**PROMPT**
Only the lines below from the one containing "Masculine Cotton Shirt" through the one containing "imageBTFBM Women Formal" belong in the answer, repeated exactly and without pictures.

**DATA TO EXAMINE**

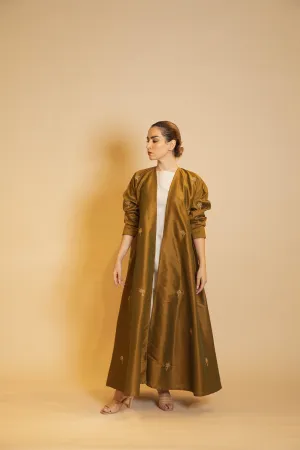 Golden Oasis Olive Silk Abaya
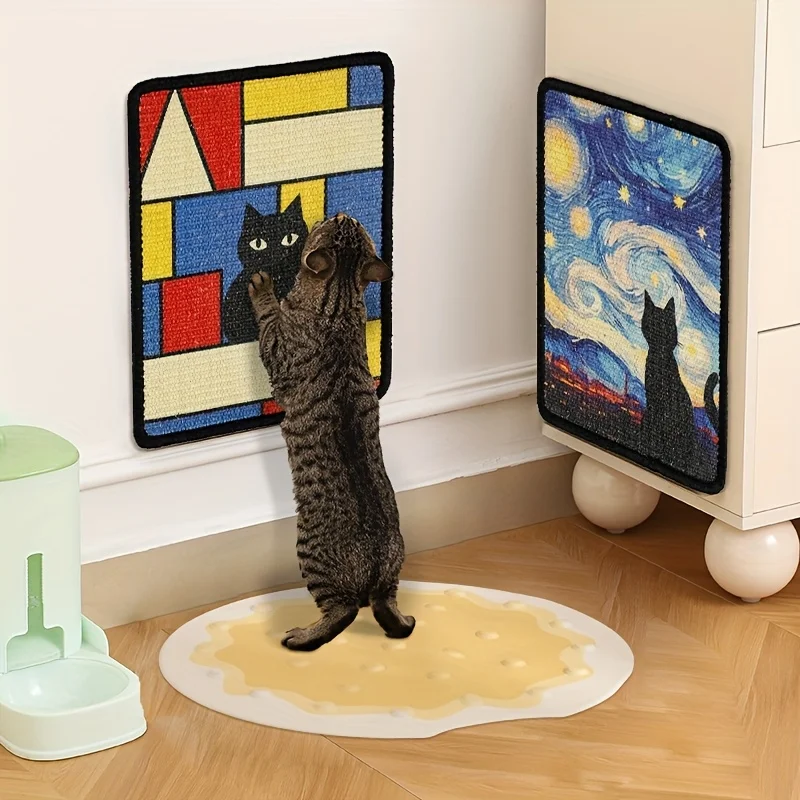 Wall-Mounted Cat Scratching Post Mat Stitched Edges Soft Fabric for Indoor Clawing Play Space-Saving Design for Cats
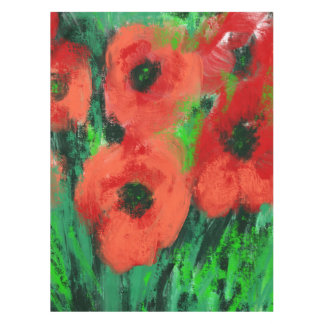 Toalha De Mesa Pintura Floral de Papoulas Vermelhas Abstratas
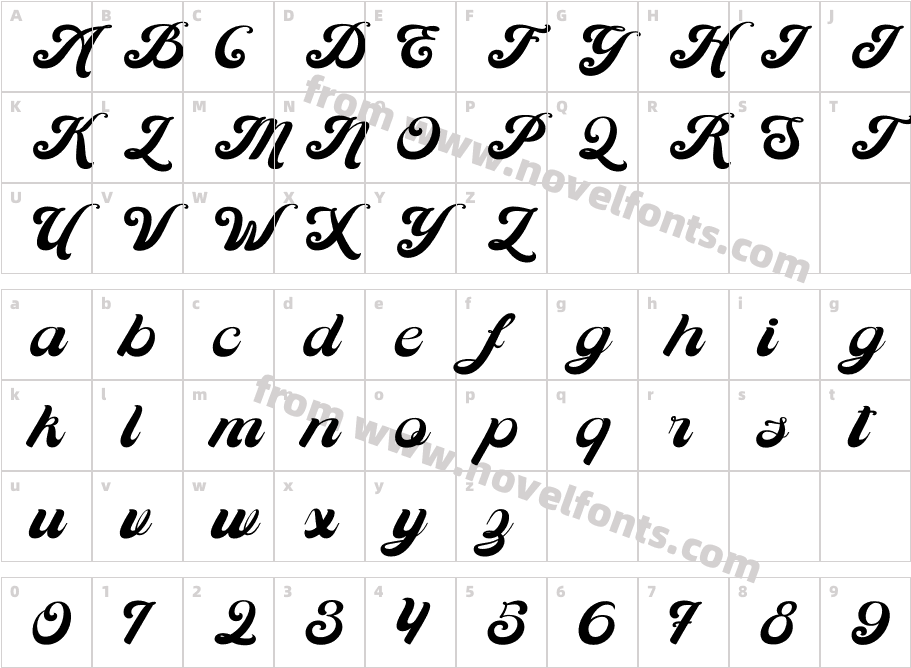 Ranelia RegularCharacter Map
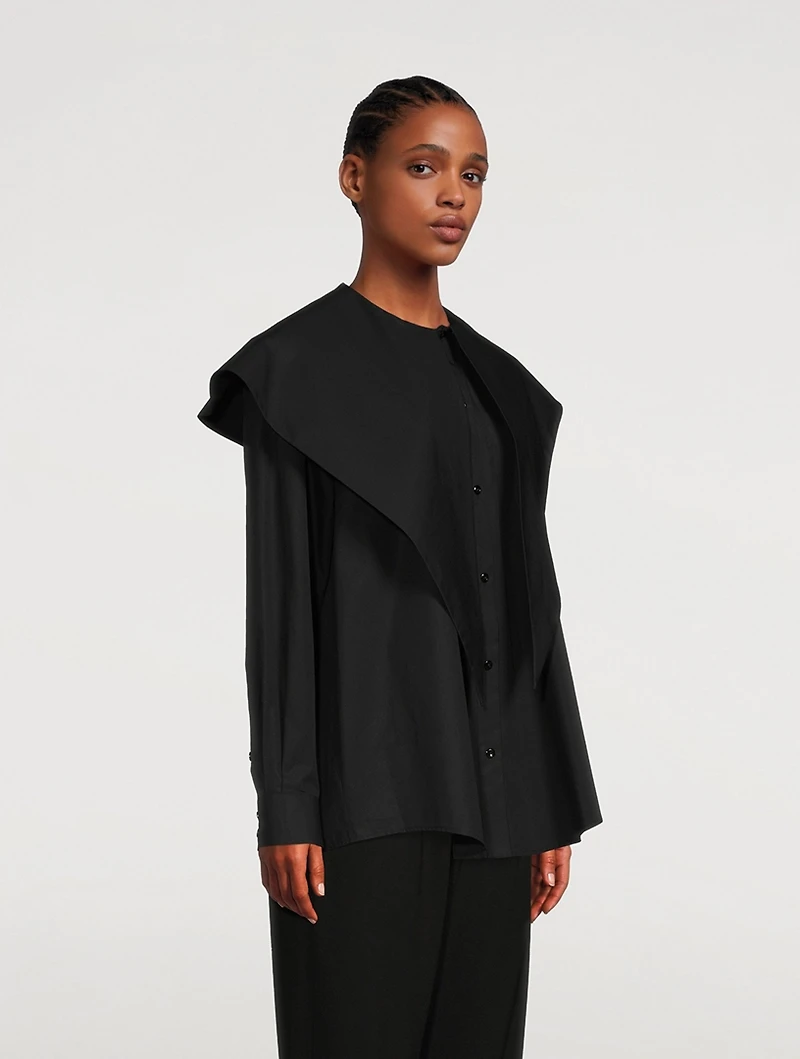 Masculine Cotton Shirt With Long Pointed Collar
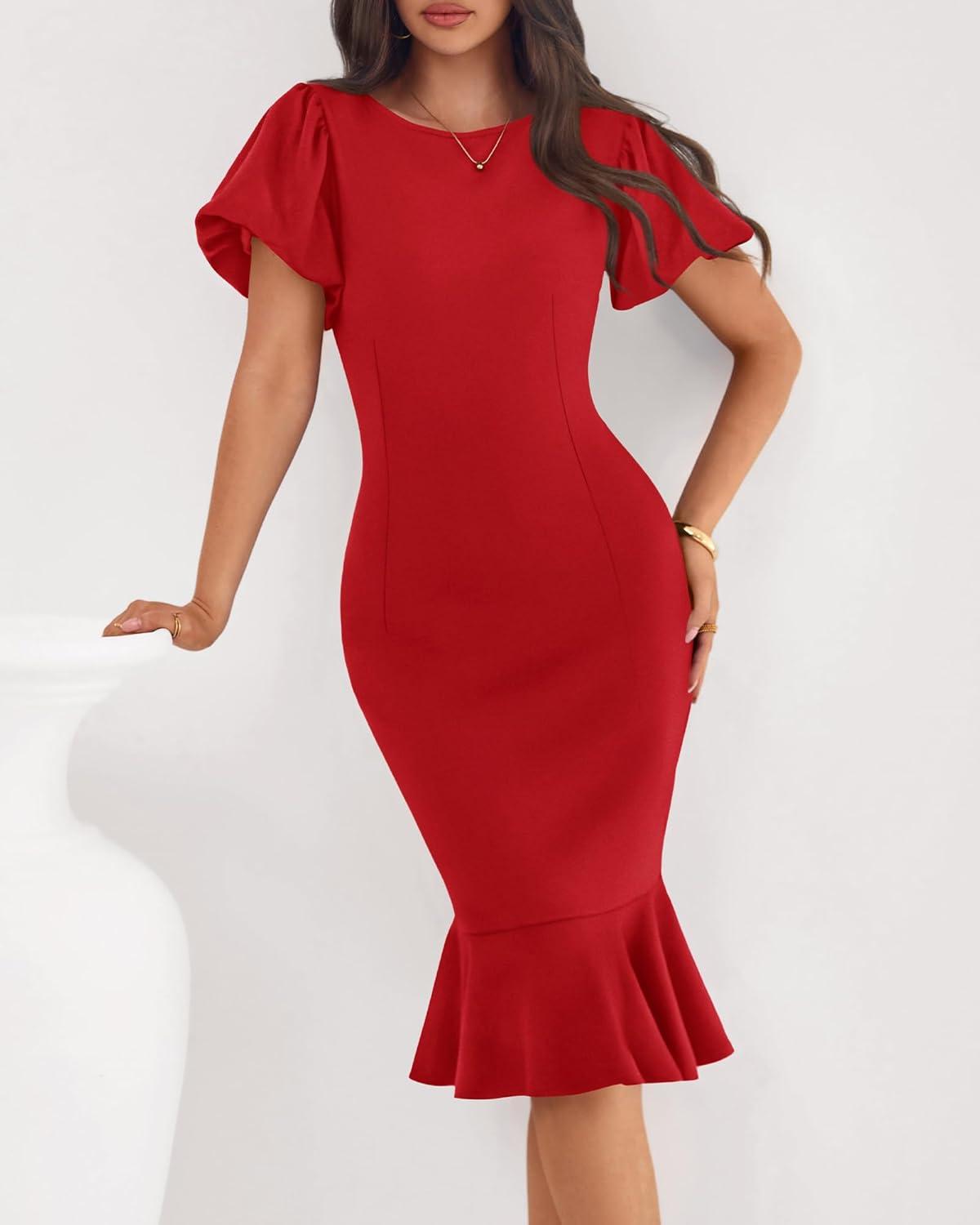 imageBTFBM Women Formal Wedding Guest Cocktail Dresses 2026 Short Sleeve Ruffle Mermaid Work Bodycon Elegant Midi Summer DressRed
...
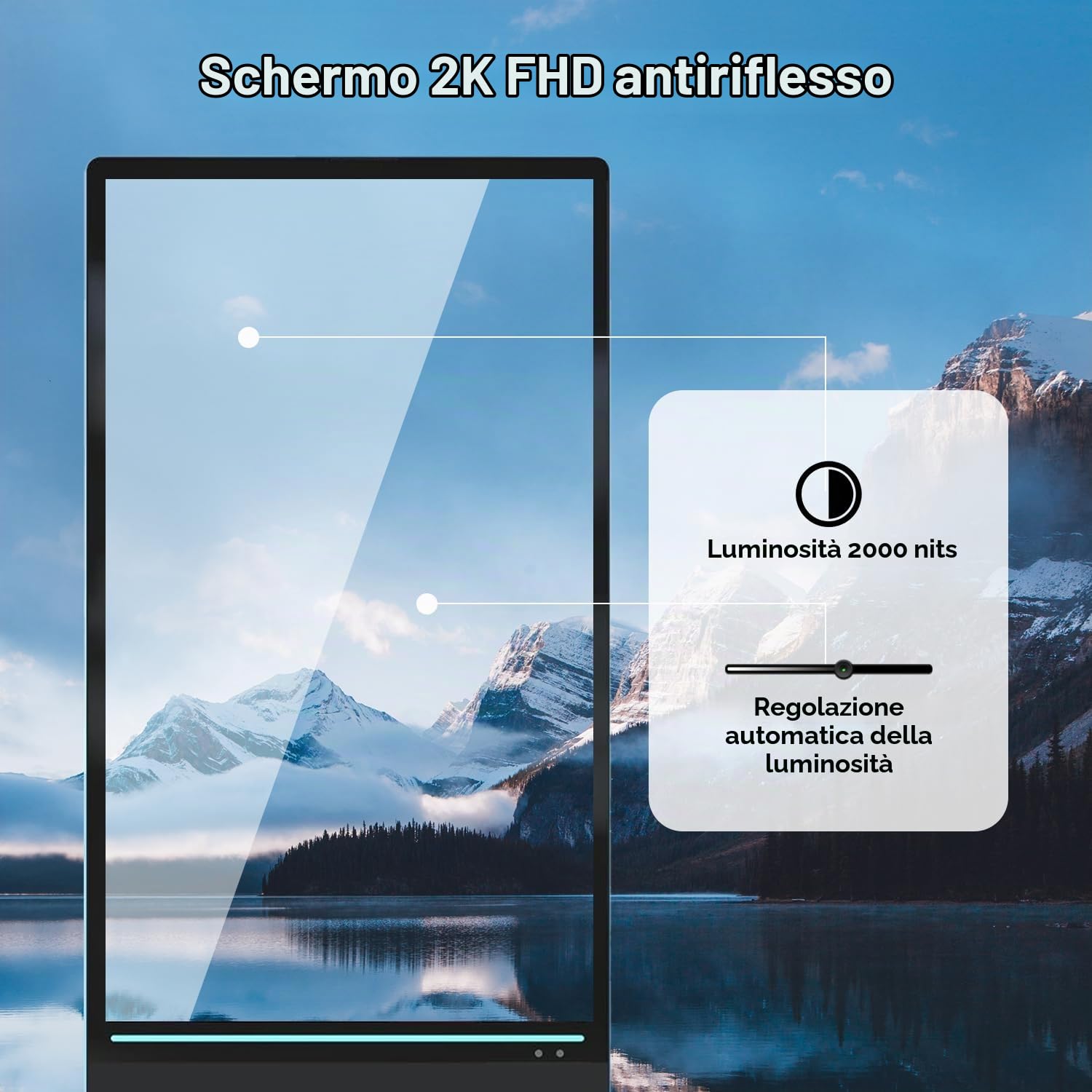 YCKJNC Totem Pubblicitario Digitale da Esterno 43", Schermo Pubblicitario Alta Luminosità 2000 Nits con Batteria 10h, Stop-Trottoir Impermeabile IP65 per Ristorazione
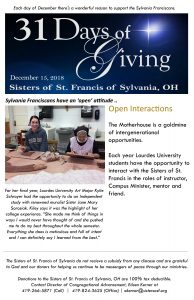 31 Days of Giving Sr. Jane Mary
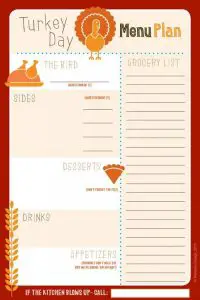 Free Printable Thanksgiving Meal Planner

**FINISHED TASK**
 Masculine Cotton Shirt With Long Pointed Collar
 imageBTFBM Women Formal Wedding Guest Cocktail Dresses 2026 Short Sleeve Ruffle Mermaid Work Bodycon Elegant Midi Summer DressRed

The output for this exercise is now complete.